• [ABOUT THIS TASK]
Return verbatim the line containing "Gelée coiffante cheveux crépus Blim" together with all lines that follow it in the records, and no other material.

☆ ☆ ☆ ☆

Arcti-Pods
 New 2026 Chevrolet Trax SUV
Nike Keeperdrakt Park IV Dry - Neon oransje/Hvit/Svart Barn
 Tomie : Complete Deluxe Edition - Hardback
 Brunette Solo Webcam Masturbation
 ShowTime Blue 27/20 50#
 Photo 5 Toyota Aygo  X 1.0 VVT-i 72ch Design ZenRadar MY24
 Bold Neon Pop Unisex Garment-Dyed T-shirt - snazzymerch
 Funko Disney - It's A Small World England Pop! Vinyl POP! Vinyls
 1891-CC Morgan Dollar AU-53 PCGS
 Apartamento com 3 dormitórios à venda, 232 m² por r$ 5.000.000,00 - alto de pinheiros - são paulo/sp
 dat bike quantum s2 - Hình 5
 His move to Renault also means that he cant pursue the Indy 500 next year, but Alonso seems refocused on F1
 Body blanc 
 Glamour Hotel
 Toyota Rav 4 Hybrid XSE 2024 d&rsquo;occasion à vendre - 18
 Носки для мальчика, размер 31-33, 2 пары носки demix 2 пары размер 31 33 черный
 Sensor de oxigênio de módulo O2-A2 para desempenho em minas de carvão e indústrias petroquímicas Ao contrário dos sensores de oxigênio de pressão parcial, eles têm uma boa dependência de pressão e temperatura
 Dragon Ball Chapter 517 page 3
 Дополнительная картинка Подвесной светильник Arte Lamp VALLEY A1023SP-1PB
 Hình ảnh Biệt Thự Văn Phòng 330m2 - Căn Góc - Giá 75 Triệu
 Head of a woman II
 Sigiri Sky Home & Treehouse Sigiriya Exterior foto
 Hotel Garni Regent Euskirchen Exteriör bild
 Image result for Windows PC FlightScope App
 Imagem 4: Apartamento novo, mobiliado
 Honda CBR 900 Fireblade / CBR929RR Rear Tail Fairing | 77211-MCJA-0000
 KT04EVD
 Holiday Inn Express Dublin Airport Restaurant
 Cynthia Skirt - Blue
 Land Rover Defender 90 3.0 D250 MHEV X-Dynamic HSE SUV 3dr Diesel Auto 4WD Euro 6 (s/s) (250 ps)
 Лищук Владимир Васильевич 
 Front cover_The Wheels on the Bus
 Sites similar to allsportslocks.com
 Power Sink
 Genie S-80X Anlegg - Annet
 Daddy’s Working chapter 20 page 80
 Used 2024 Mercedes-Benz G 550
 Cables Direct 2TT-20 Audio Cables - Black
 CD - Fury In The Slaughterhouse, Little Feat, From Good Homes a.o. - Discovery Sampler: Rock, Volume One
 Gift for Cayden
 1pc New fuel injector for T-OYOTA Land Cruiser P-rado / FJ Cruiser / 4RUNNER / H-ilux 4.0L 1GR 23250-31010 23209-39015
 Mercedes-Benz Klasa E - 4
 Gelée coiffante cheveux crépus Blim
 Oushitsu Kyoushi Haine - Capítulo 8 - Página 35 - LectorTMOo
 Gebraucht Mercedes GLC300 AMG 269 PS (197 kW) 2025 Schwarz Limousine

☆ ☆ ☆ ☆

• [OUTPUT OF THE EXERCISE]
 Gelée coiffante cheveux crépus Blim
 Oushitsu Kyoushi Haine - Capítulo 8 - Página 35 - LectorTMOo
 Gebraucht Mercedes GLC300 AMG 269 PS (197 kW) 2025 Schwarz Limousine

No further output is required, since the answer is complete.